— STORED DATA —
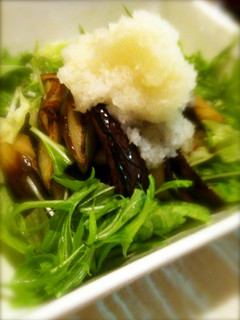 ナスと水菜のおかずサラダ-レシピのメイン写真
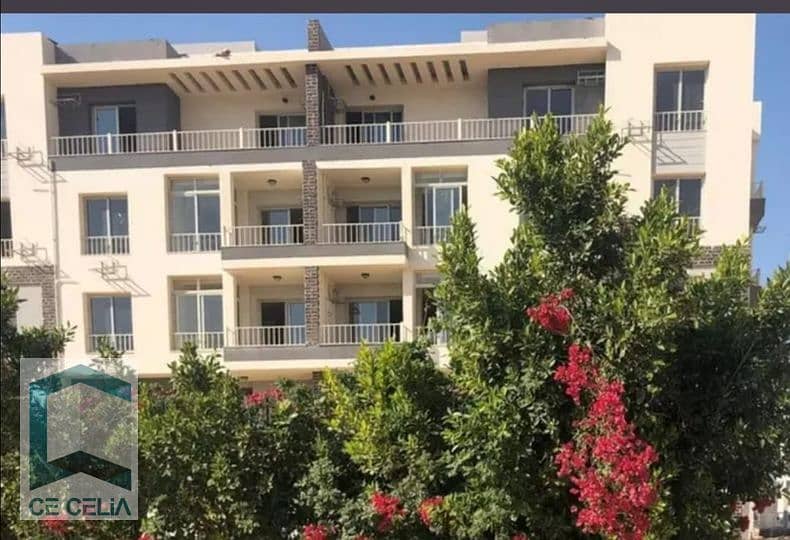 397558717_827440949117154_8303857485503229240_n. jpg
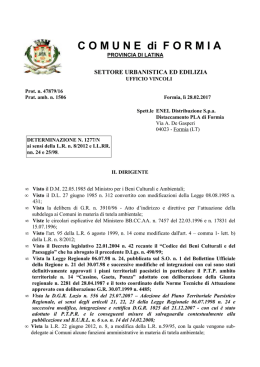 Det.art. 146_Enel x TelecomRioFresco - Formia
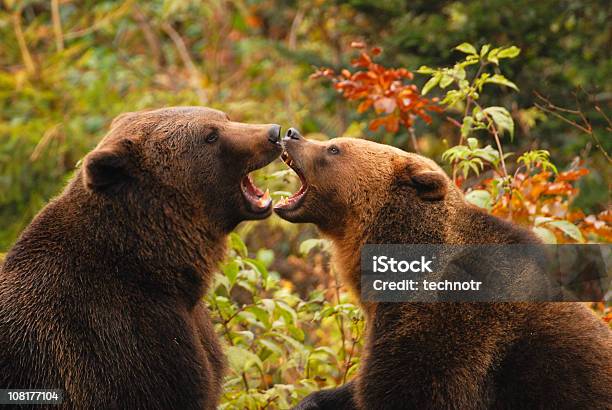 Foto de Ursos Beijando e mais fotos de stock de Romance - Romance, Urso, Animal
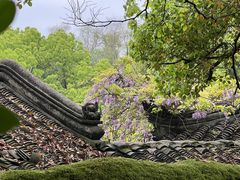 -西园戒幢律寺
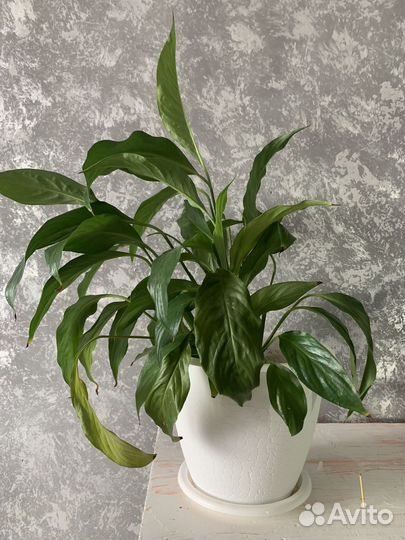 Комнатные цветы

— WHAT IS REQUIRED —
Set the material above down again word for word. Include none of its pictures.

— ANSWER SPACE —
 ナスと水菜のおかずサラダ-レシピのメイン写真
 397558717_827440949117154_8303857485503229240_n. jpg
 Det.art. 146_Enel x TelecomRioFresco - Formia
 Foto de Ursos Beijando e mais fotos de stock de Romance - Romance, Urso, Animal
 -西园戒幢律寺
 Комнатные цветы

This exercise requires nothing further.